4.4.2 Effectiveness of Ground-truth Embedding.

Notably, in Section 3.1, we select any group recommendation models to learn the ground-truth embeddings. Here we explore whether the ground-truth embeddings obtained by different models can affect the performance of ${\rm SGG}$ . To this end, we use competitive baselines to learn the ground-truth embeddings as proposed in Section 4.1.3, and report the performance of NGCF* and LightGCN* in Figure 4. Notation NGCF*-AGREE denotes ${\rm SGG}$ is equipped with the ground-truth embeddings, which are obtained by AGREE. Other notations are defined in a similar way. The results show that the performance of ${\rm SGG}$ is almost the same under different ground-truth embeddings, the reason is that traditional recommendation methods are able to learn accurate embeddings for the nodes with enough interactions.

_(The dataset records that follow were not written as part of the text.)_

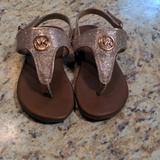 Michael Kors Shoes | Michael Kors Kids Rose Gold Sandals | Color: Cream/Pink | Size: 8g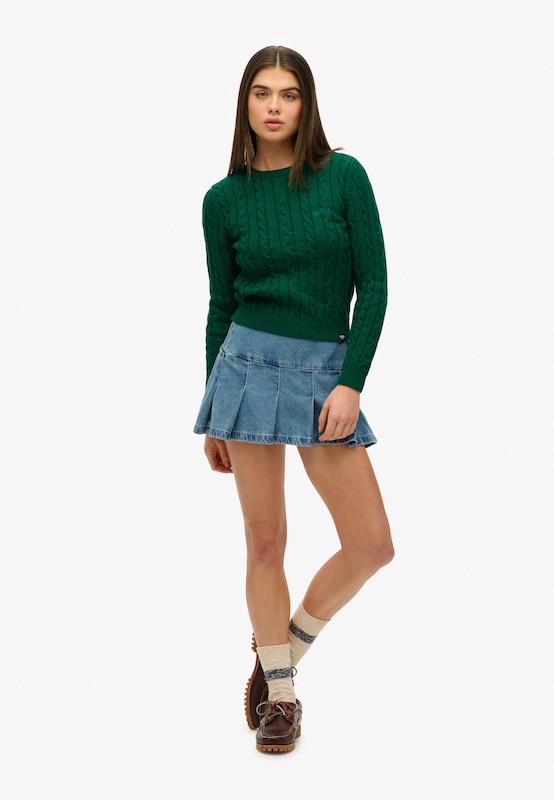 Superdry Superdry Pullover 'Essentials' In Dunkelgrün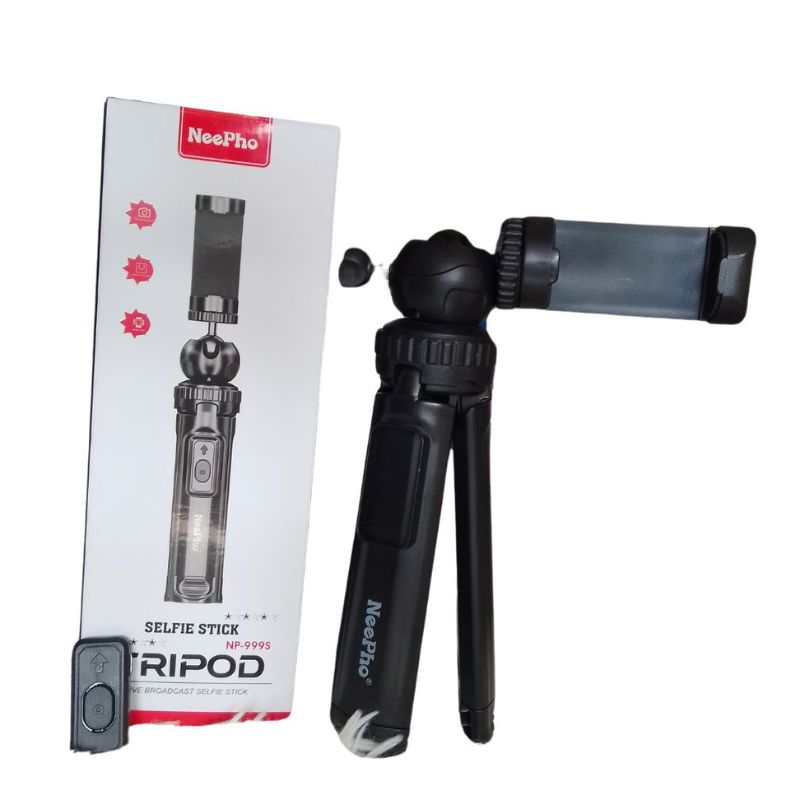 NeePho NP-999S Adjustable Selfie Stick Tripod with Bluetooth Remote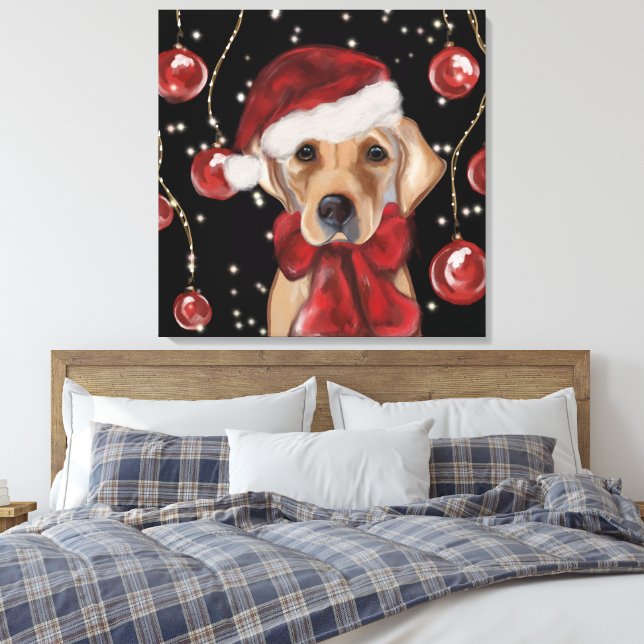 Lienzo Labrador Retriever  Canvas Print (Insitu(Dormitorio))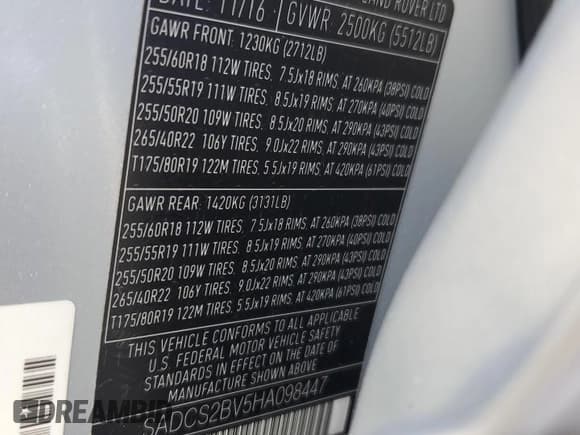 ✅ 2017 Jaguar F-Pace 35t • VIN: SADCS2BV5HA098447 • Lot: 50131205. Wystawiony na Copart z przebiegiem 80 205 mil. Bezpłatny archiwum sprzedaży aukcyjnych z USA i szczegółowy raport historii pojazdu na DreamBid. Zdjęcie 13.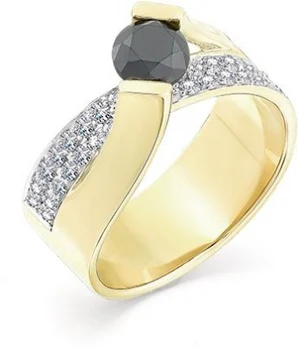 

Master brilliant ring with 37 diamonds in Yellow Gold
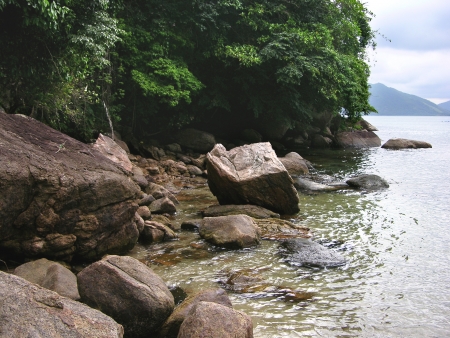 Beach Ubatuba の写真素材
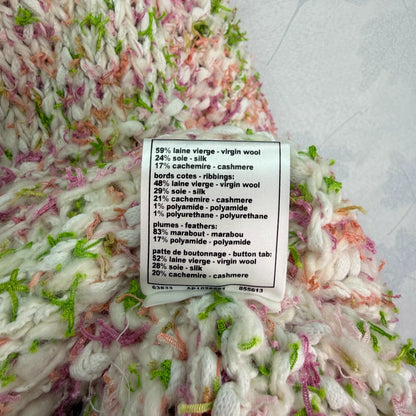 Chunky knit crochet sweater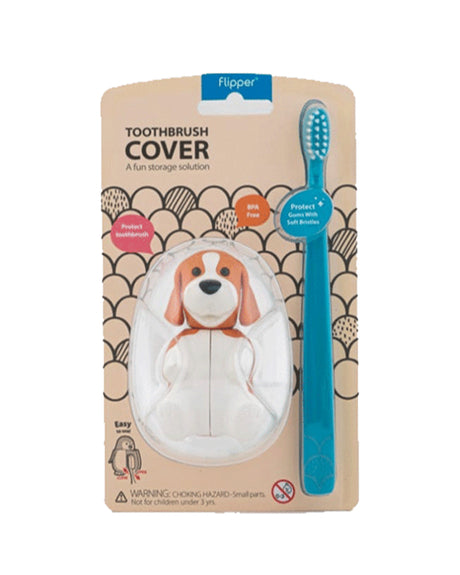 Brosse à dent Flipper avec couvercle - Chien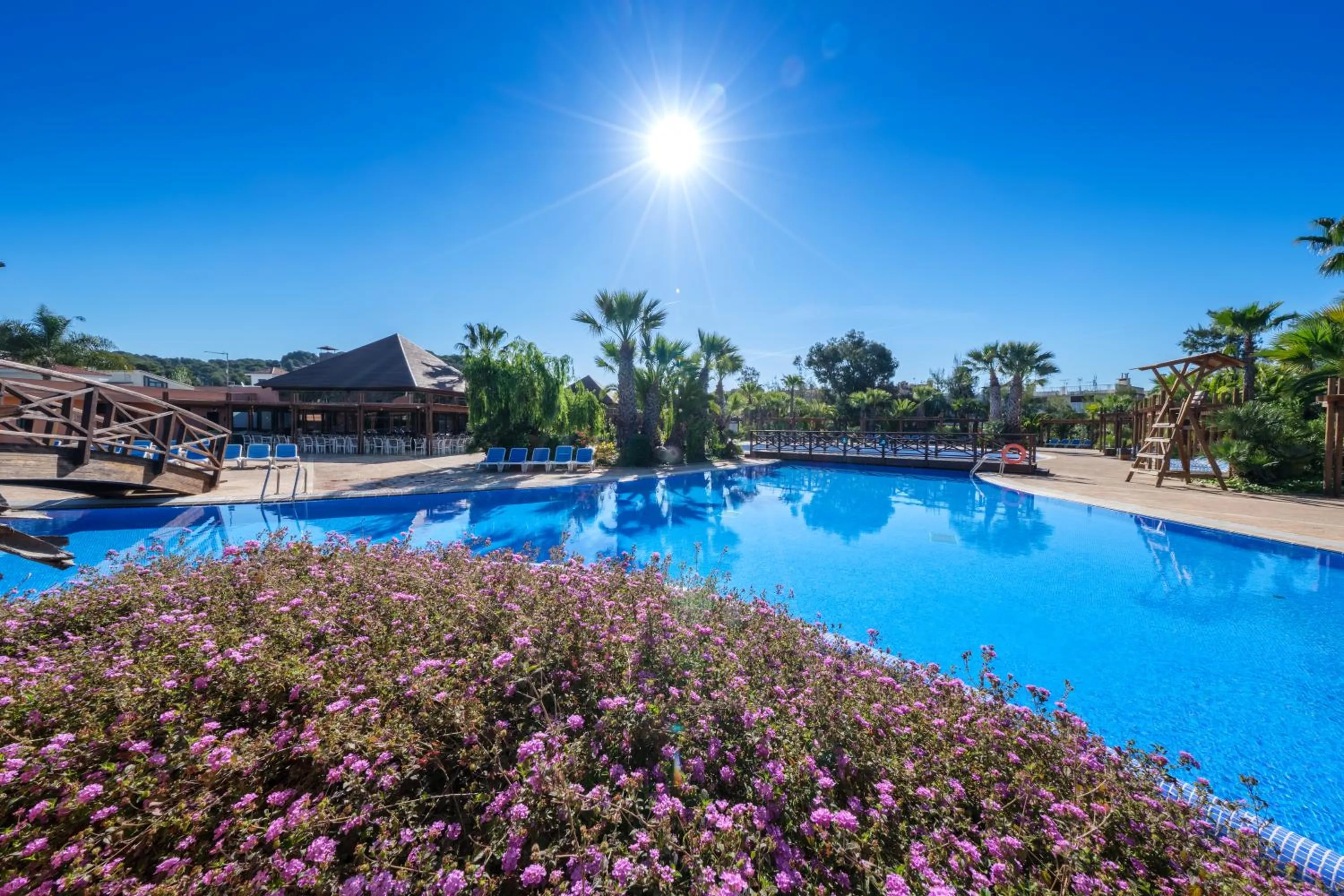 Fitness centre/facilities in Camping Estival Torre de la Mora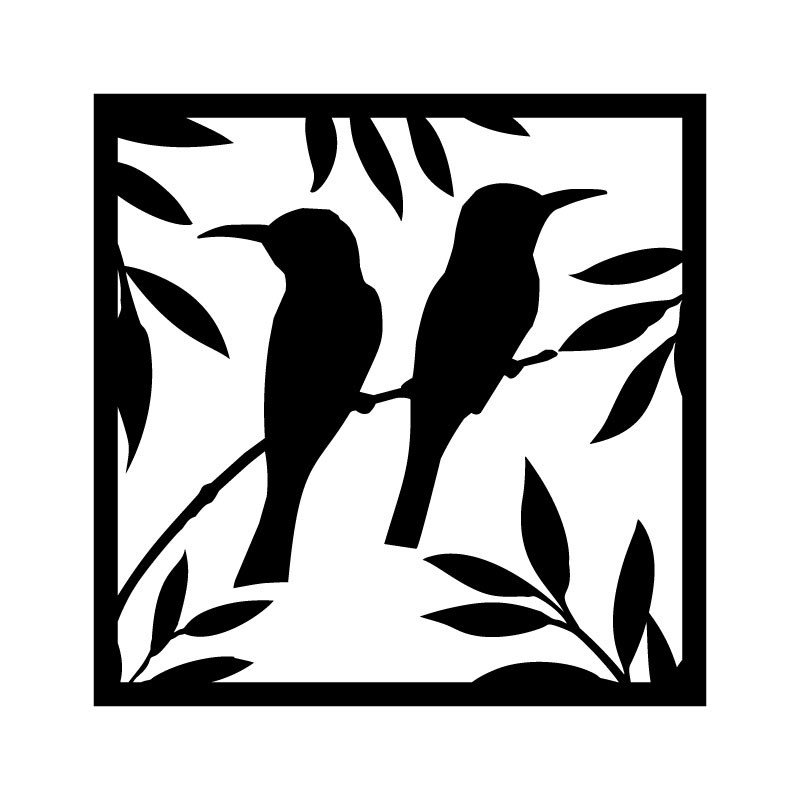 Ahşap İşleme Duvar Süsü- Kuş  - 21 Cm X 12 Cm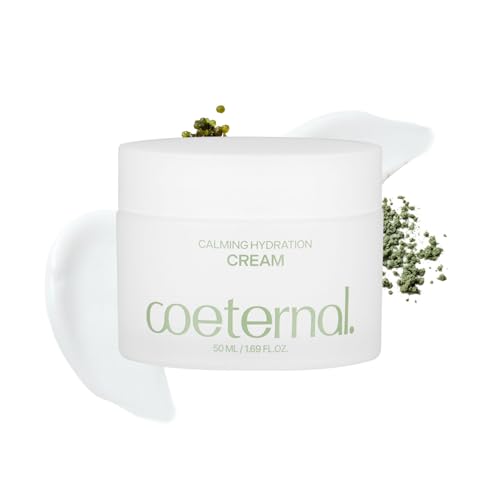 coeternal Calming Hydration Cream, Barrier-Repairing Korean Moisturizer with Ceramide NP, Niacinamide, Panthenol & Centella, Soothing Face Cream for Redness-Prone and Oily Skin, 50ml / 1.69 fl.oz.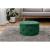 Taburet, rotund, cu spatiu depozitare, catifea, verde, max 80 kg, 55x30 cm, Alia, Akord GartenVIP DiyLine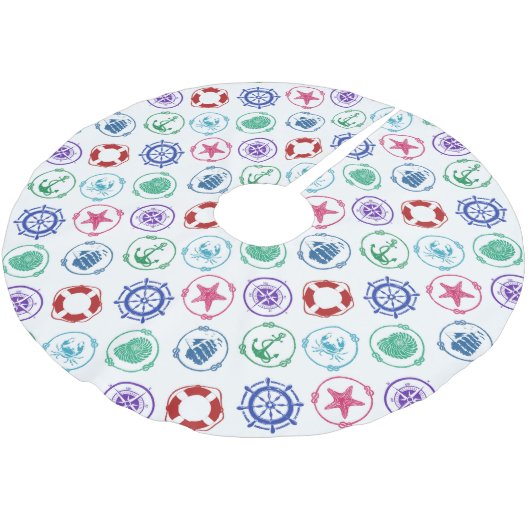 パタカラフルーン ブラッシュドポリエステルツリースカート (アングル)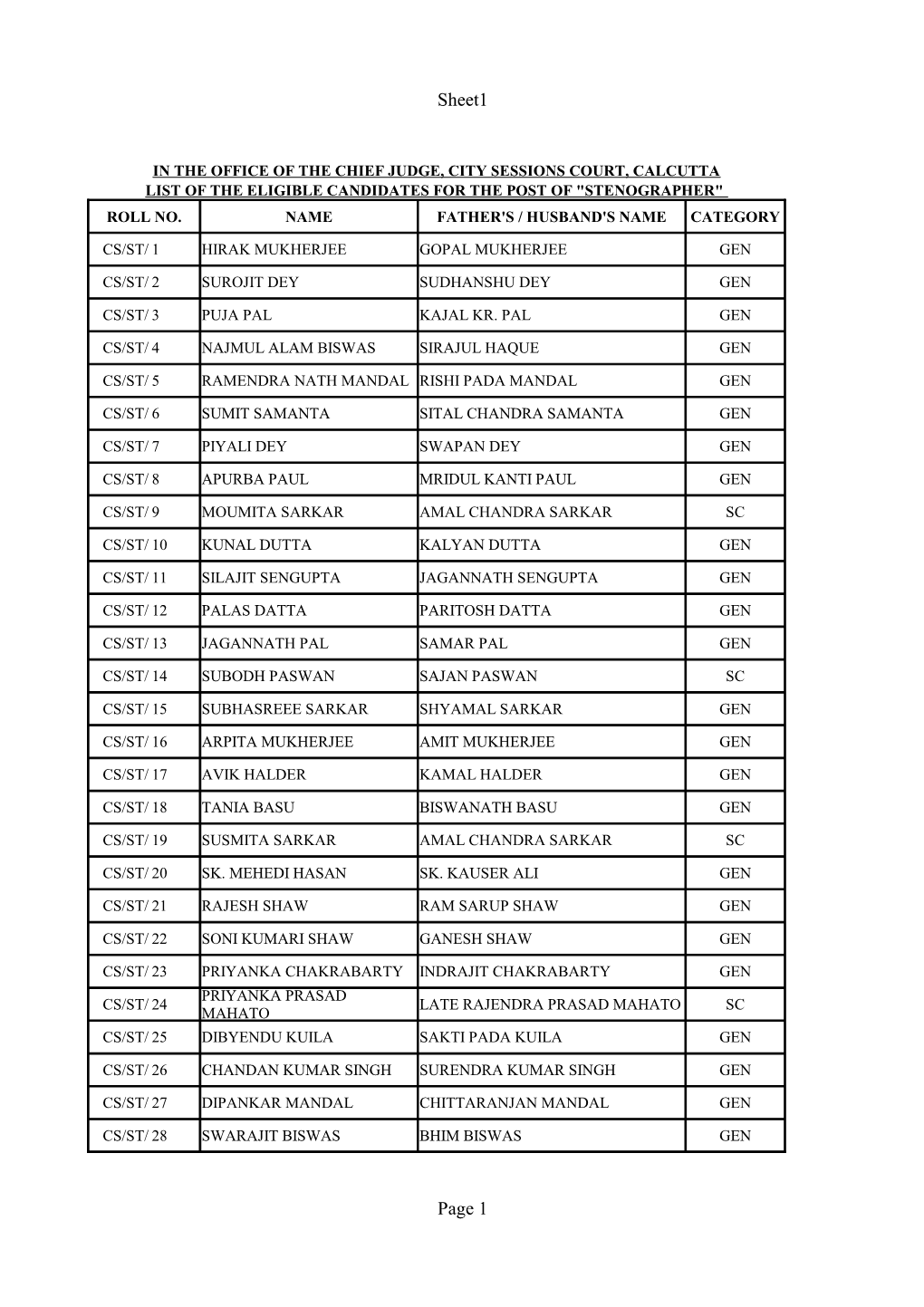 Sheet1 Page 1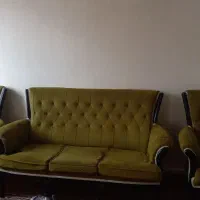 یک دست مبل ۷ نفره تازه تعمیر شده
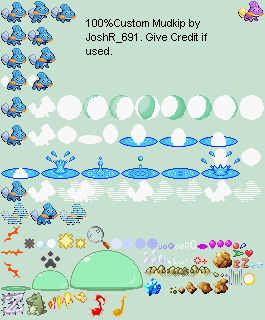 Pokémon Customs - #258 Mudkip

Table 6: Recommendation performance, training time for each epoch and convergent epochs under the multi-task learning or pre-training paradigms.

Dataset	Weeplaces				CAMRa2011
Method	Recall	NDCG	Time	Epoch	Recall	NDCG	Time	Epoch
GCMC*-P	0.0428	0.0409	201.0s	28	0.1008	0.0317	56.29s	26
GCMC*	0.0513	0.0448	499.6s	12	0.1112	0.0394	112.3s	10
NGCF*-P	0.0411	0.0388	203.1s	28	0.1182	0.0318	60.2s	28
NGCF*	0.0486	0.0413	489.7s	8	0.1256	0.0342	100.8s	8
LightGCN*-P	0.0487	0.0386	189.3s	28	0.1525	0.0327	50.1s	28
LightGCN*	0.0523	0.0426	483.4s	10	0.1634	0.0353	99.3s	6

4.4.3 Multi-task Learning Vs Pre-training.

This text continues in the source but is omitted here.